On the surface, the claim seemed absurd. The judge hearing the case, however, thought otherwise and sentenced Aleynikov to 9 years in prison. He served some jail time before a second judge heard the appeal and overturned the conviction. Unfortunately, Goldman Sachs immediately filed a second charge, one so like the first that the company seems bent on harassment rather than justice.
What makes this story fodder for playwrights is the investment company’s posture of high-minded outrage. This from an investment bank that helped “the Greek government to rig its books and disguise its debts.” (“Goldman’s Geek Tragedy,” by Michael Lewis, Vanity Fair, Sept 2013, pg. 355.) This from a business that designed subprime-mortgage securities then bet against them and made a fortune. (Ibid, pg. 355.)
Adding to the farce is the complexity of the case. In all probability, the executives at Goldman Sachs don’t understand the issues. According to Aleynikov, writing code is more complicated than playing chess. Metaphorically, what he does is create code for concepts of the game. One has to wonder what judge or jury is competent to rule on the arguments.
Michael Lewis, author of numerous books on the games people play on Wall Street, raises the question of competence in his article for Vanity Fair. To answer it, he pulled together a jury of Aleynikov’s peers, code writers who didn’t know the accused but understood his work. Reviewing the evidence, they concluded that Aleynikov did nothing wrong or if there was an infraction, it was slight.

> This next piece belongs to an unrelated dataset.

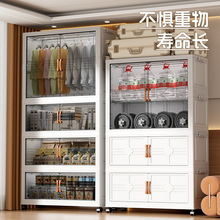 70-80cm��ͯ������ռ{�����ۯB�ռ{����ӼӺ���ÿ͏d���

A sentence of nine years had been unjustified and yes… absurd.
Their unequivocal verdict has left Lewis in a quandary. He looks to Greek tragedy to understand Goldman Sach’s bizarre behavior?
If he’d have asked my advice, I’d have told him to reread to the writings of Beckett, Pinter or Brecht instead looking to Greek tragedy for understanding. They’d have reminded him of the folly of his quest. Aleynikov had been Goldman Sach’s prized asset. He left the company and his employers attempted to crush him, not out any cosmic notion of justice. They did it because they could.